→ **Data for this exercise**

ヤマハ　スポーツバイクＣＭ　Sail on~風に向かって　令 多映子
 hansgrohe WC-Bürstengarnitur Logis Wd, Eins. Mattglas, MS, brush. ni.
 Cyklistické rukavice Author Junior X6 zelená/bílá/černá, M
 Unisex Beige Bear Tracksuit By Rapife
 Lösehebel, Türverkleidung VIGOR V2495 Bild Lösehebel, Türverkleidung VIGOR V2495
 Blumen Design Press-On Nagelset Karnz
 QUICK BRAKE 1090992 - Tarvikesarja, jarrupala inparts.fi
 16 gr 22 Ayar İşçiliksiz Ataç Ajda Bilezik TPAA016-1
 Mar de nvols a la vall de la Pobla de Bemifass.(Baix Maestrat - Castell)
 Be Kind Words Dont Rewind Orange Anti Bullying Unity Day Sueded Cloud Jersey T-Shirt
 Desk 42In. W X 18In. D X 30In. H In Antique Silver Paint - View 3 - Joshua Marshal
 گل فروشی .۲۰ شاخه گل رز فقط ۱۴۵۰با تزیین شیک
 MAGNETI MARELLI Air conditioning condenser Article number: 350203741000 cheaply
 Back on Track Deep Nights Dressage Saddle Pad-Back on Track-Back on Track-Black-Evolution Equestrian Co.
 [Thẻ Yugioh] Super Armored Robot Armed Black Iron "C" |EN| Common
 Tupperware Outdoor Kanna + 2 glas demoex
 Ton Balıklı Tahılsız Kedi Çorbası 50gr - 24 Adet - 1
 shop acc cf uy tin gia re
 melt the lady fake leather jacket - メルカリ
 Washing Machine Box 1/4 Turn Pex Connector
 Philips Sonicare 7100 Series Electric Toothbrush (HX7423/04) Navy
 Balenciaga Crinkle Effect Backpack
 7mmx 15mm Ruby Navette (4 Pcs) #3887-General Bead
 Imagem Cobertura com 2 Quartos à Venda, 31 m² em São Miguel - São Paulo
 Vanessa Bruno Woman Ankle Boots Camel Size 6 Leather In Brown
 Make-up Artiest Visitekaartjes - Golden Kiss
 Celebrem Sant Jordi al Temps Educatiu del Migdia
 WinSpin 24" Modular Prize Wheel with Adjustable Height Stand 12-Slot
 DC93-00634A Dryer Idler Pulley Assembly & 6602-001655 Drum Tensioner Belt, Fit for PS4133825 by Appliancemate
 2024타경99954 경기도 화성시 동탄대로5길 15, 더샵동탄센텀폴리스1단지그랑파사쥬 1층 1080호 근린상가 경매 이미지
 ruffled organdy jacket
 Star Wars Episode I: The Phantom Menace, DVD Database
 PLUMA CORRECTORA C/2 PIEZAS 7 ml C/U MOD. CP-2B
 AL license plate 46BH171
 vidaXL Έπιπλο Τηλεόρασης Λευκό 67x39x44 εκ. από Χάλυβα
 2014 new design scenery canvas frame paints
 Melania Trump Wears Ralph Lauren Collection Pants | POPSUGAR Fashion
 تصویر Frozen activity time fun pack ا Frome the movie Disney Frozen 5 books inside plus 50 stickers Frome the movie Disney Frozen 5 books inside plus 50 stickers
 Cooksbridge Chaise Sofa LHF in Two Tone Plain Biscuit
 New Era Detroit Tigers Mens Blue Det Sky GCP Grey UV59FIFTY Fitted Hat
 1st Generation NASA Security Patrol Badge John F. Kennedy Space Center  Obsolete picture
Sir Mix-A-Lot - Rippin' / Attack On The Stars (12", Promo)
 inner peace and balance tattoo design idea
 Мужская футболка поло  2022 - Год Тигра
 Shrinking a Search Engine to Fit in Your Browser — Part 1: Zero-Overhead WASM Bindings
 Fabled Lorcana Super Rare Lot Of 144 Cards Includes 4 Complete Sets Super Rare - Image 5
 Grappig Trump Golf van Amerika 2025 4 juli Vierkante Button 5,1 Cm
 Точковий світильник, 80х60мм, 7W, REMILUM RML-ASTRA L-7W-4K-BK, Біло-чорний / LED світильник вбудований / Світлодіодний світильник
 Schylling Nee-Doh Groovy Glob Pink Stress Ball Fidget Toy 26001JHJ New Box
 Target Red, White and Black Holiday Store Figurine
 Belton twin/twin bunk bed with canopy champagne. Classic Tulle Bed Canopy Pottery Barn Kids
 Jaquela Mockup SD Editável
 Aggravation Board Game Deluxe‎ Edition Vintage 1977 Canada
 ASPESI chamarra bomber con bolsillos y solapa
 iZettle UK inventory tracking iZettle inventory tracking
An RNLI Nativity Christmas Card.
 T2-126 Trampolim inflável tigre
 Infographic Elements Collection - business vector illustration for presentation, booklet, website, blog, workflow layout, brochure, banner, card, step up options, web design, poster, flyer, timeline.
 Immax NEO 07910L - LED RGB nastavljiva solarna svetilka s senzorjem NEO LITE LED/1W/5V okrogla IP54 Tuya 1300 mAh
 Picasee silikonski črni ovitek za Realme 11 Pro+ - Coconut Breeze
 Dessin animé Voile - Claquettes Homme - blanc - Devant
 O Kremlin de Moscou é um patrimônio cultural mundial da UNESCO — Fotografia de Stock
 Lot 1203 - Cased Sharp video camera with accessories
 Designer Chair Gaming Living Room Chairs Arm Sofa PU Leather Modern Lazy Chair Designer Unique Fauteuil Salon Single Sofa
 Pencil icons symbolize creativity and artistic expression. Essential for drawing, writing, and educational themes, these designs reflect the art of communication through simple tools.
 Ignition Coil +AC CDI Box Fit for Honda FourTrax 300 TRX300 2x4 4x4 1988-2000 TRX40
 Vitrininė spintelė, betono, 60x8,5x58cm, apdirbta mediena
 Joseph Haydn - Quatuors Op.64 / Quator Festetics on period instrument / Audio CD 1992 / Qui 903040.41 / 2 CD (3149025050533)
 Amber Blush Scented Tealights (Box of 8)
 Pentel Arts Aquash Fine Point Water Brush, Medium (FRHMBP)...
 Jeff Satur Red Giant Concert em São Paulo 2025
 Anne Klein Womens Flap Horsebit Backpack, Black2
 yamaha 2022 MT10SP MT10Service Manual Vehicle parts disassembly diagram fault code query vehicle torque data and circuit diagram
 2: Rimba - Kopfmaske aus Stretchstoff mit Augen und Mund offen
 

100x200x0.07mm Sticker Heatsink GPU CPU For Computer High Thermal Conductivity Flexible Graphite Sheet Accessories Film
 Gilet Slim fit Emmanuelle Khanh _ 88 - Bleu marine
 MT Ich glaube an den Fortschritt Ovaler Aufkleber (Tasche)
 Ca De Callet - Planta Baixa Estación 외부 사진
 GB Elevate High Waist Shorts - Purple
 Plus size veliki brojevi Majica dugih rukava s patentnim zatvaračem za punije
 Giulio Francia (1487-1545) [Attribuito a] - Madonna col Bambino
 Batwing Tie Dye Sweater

→ **Task**
Using the entries above, extract exactly the span from the line with "2014 new design scenery canvas frame paints" to the line with "Pants | POPSUGAR Fashion", both lines included; leave out everything else.

→ **Result of the task**
 2014 new design scenery canvas frame paints
 Melania Trump Wears Ralph Lauren Collection Pants | POPSUGAR Fashion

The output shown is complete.